# Task to carry out
Lines in which "Purple" appears should be pulled from the data below.

# Record set

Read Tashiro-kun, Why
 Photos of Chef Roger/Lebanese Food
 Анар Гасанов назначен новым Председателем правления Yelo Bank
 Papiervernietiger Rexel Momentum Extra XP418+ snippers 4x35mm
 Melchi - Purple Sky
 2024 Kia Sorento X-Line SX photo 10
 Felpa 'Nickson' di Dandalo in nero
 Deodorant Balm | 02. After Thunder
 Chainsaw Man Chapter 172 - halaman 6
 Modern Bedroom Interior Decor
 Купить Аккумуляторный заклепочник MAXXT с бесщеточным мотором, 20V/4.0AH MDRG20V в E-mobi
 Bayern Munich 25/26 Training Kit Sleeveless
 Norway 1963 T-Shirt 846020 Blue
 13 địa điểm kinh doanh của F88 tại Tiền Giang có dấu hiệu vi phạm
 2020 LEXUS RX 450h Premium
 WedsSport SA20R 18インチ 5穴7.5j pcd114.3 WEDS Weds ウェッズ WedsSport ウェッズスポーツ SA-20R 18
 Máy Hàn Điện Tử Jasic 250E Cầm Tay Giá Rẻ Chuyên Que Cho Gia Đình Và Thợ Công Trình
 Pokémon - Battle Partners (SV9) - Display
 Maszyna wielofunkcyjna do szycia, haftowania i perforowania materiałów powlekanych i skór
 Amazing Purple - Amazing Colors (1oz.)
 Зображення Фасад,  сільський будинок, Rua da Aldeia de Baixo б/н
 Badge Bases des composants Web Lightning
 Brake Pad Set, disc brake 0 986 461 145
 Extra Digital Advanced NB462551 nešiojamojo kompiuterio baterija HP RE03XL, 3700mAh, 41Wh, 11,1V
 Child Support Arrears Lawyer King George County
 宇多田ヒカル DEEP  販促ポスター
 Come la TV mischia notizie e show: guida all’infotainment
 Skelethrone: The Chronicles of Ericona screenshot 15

# Exercise output
 Melchi - Purple Sky
 Amazing Purple - Amazing Colors (1oz.)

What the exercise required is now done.